They own us because they've ceaselessly, endlessly, without thought of the consequences, bought and paid for the loyalties of the majority of our elected officials.


We haven't quite come to terms with it yet--mainly because we can't quite believe it. We expect that sort of maneuvering by the Republicans.  Going against the Common Good in favor of the capitalists is in their DNA.  They apparently can't help it.


But the Democrats?  The Democrats.   The Blue Dogs--those dirty dogs--have sold us out. But the Blue Dogs aren't the only ones.  Not by a long shot.  On the Senate side, Max Baucus, Blanche Lincoln, Kent Conrad, Bill Nelson and Tom Carper all voted against the public option.  Not surprisingly, they've all had their fingers in the Health Care honey pot.  According to Raw Story, those five senators have up to now received some 19 million dollars from the opposition to health care reform.  That opposition being, of course, the Health Care industries.  Those industries, I have to remind myself, that are devoted to caring for our health.


Sixty votes is the magic number.  Sixty Senate "yea" votes means a filibuster-proof passage.  It's the number that, if it isn't there, stops everything.  Convenient, isn't it?  It means even those who side with the insurance companies but don't want to admit it have an easy out.  "Can't vote yet because we don't have the 60."  Okay.  So what?


Where are the Dems who, if they're too cowardly to go for Single Payer, will at least put the vote for Public Option out there?  If it's voted down, after jawing about it for hours or days or weeks, then start all over again.  Put it out there again.  And then again.  Wear those filiblustering bastards down.


Millions of sick people are without a safety net.  People who could be saved are dying here.
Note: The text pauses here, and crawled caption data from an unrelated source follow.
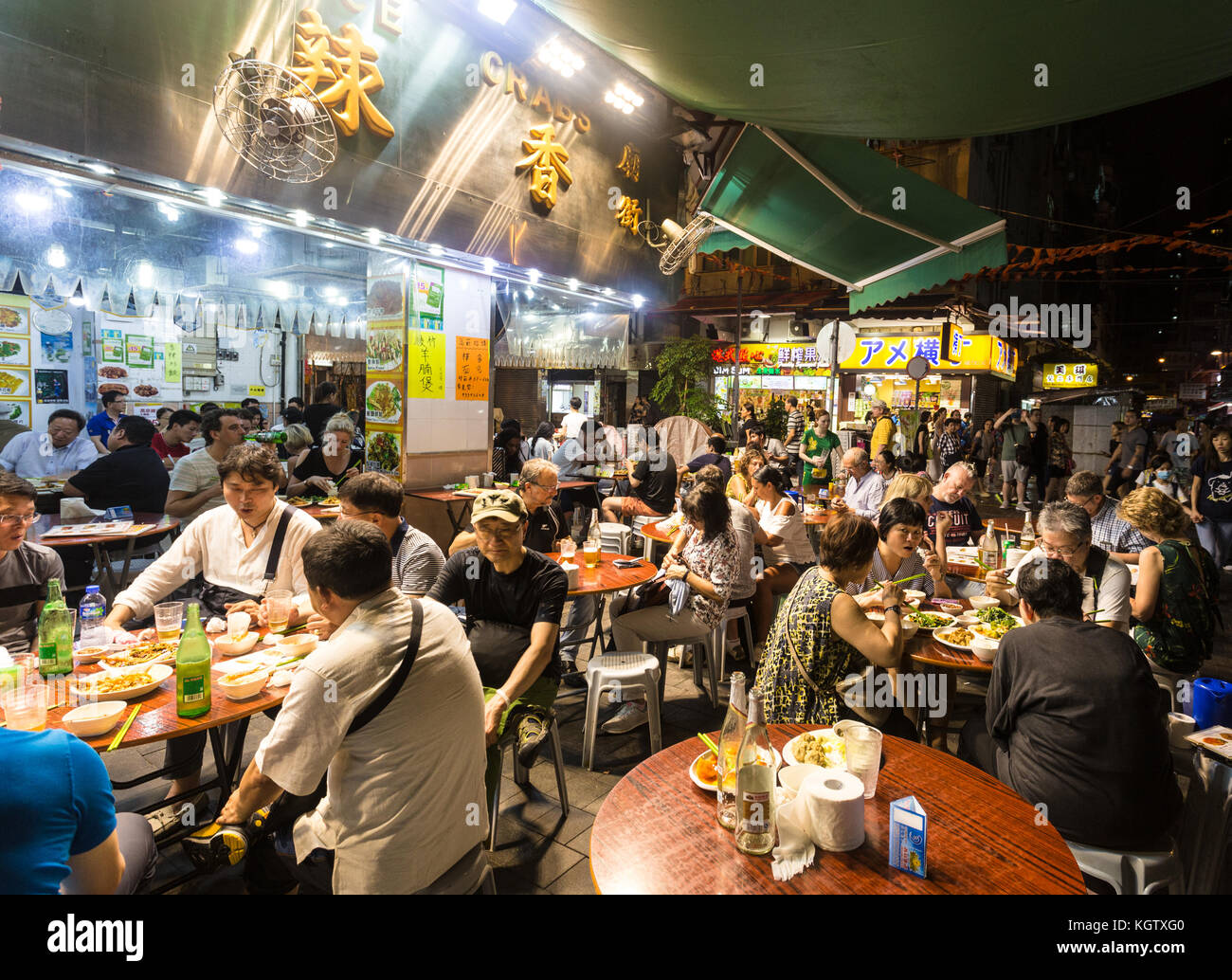 HONG KONG, CHINA - JUNE 16, 2017: Tourists and local dine in a restaurant in the streets of Kowloon near the famous Temple night market in Hong Kong. Stock Photo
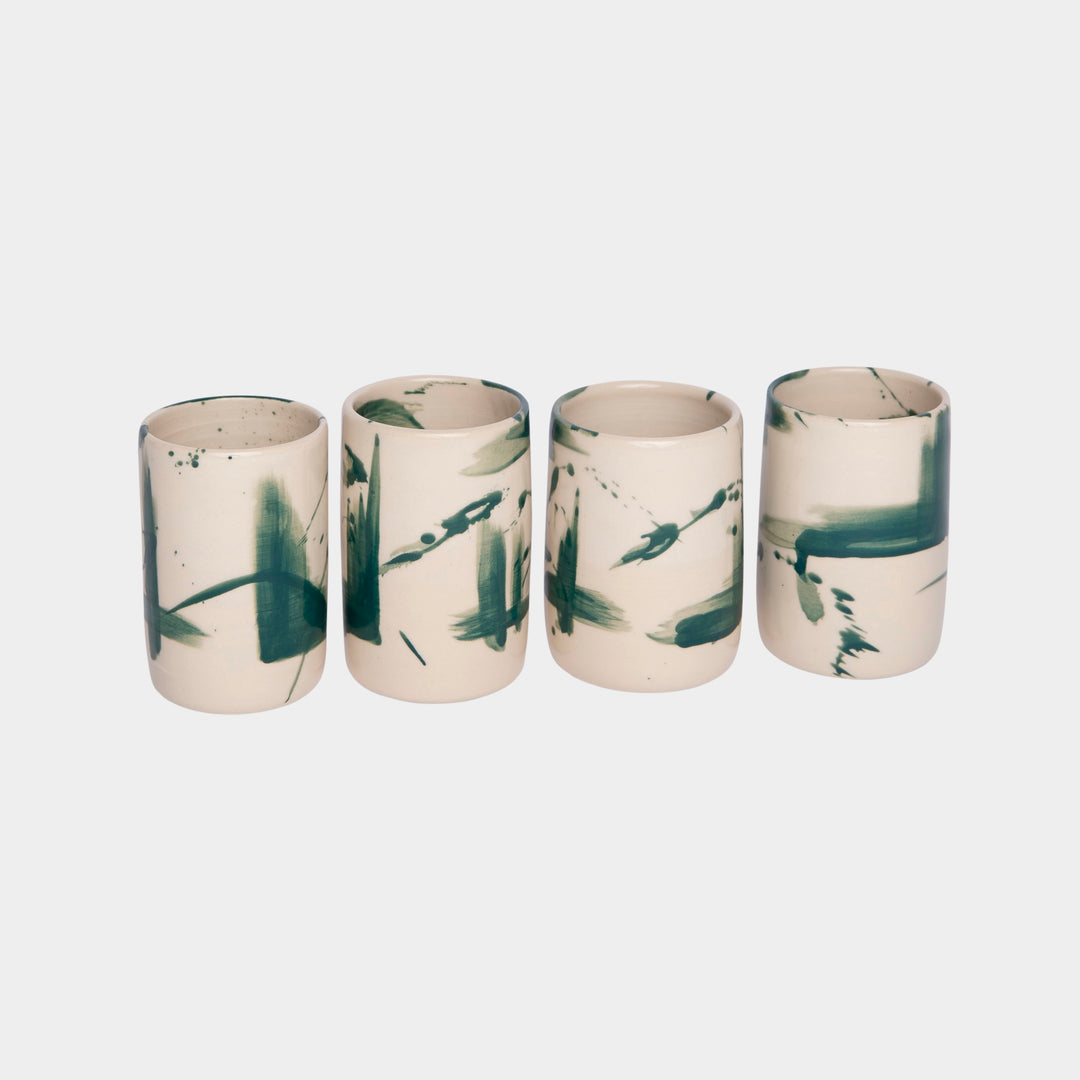 Four cylindrical cups with green splatter abstract paint or glaze design. Hand thrown handmade pottery. Coffee Cup or mug perfect for cozy hygge morning. 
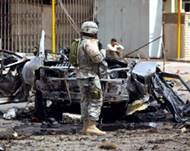 A US soldier secures the scene of a car bomb attack in Baghdad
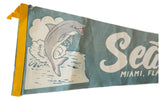Close-up of vintage felt pennant showing yellow stitched edge and grinning grey dolphin.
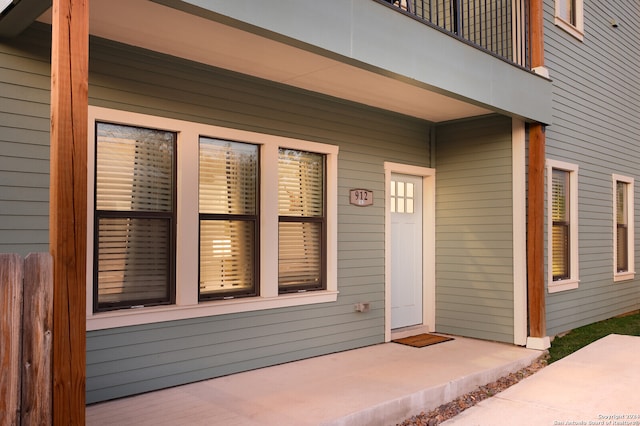 entrance to property with a balcony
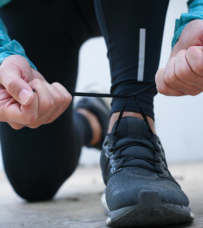 Person's hands tying shoe lace.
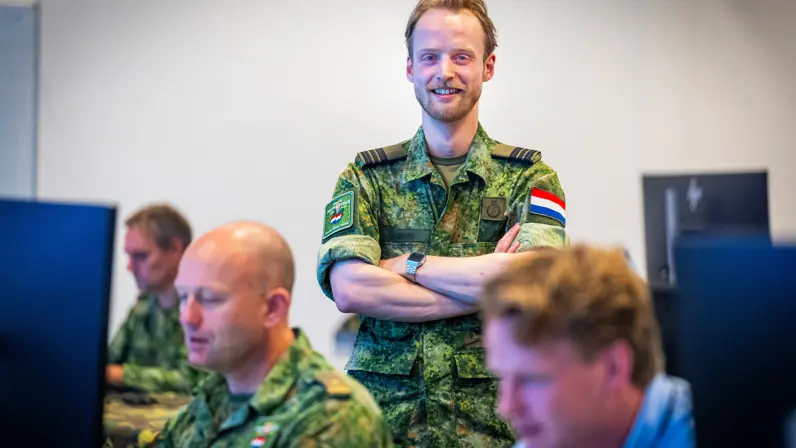 Een militair van de luchtmacht poseert met voor hem twee militairen en een burgermedewerker.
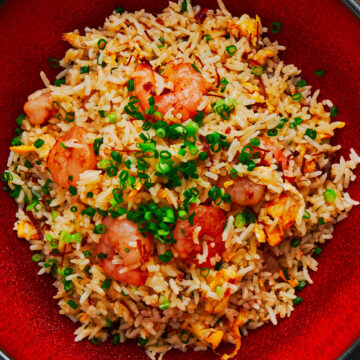 The best shrimp and egg fried rice in a red ceramic bowl.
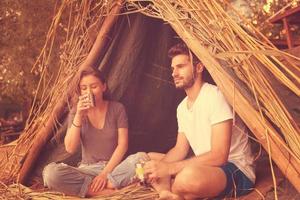 couple spending time together in straw tent photo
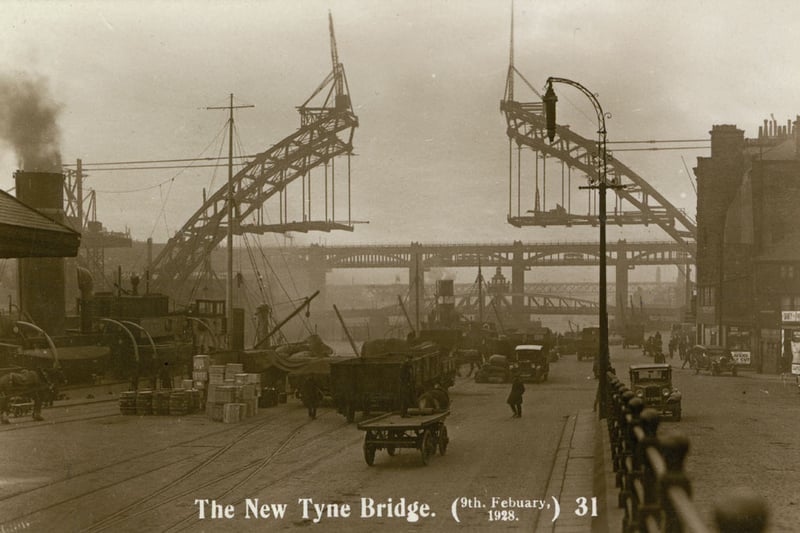 A view along Newcastle Quayside showing the Tyne Bridge under construction, 9 February 1928 (Tyne & Wear Archives & Museums)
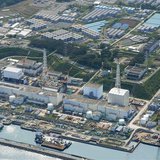 An aerial view shows the Tokyo Electric Power Co.'s (TEPCO) tsunami-crippled Fukushima Daiichi nuclear power plant and its contaminated wate An aerial view shows the Tokyo Electric Power Co.'s (TEPCO) tsunami-crippled Fukushima Daiichi nuclear power plant and its contaminated wate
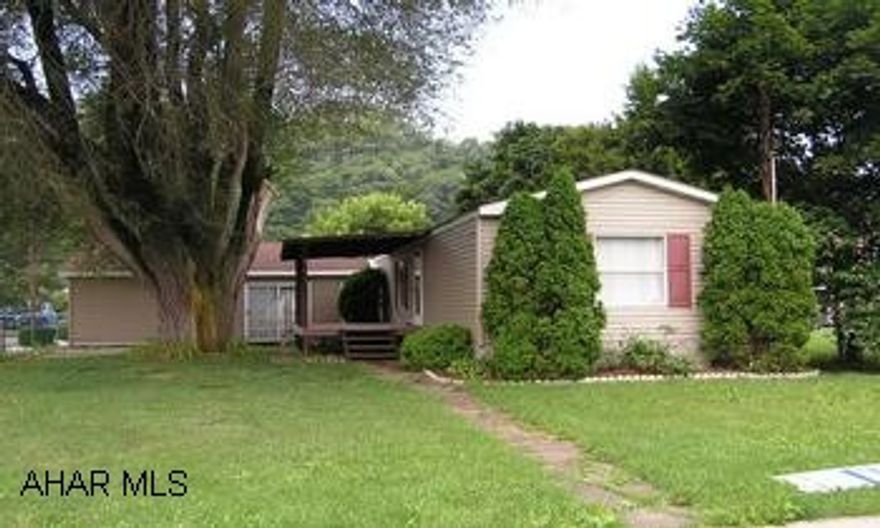 Conveniently located 2BR/2BA mobile home on full foundation with attached garage in downtown Hyndman. Offered "As-Is" Amenities include front porch, rear deck, central air, gas fireplace in living room, MBR has separate shower and garden tub.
There is no reason, save greed, that we don't have a government-sponsored health care system.  I know it.  You know it.  We all know it.  If it's not in our budget, then shame on them.  They built that bloated budget on taxpayer money coerced from us through fear and outright lies.  Now that we need it for actual Common Good, they're going to pretend it's asking too much.  No.  They've asked too much of us for too long.  Now it's payback time.  They owe us.


So what are we going to do about it?  How long does this conversation go on?  There are people in our government who are intent on holding this up, and they're out there openly, blatantly, recklessly, holding this up.  We know who they are.  And they know we know who they are.  And they don't care.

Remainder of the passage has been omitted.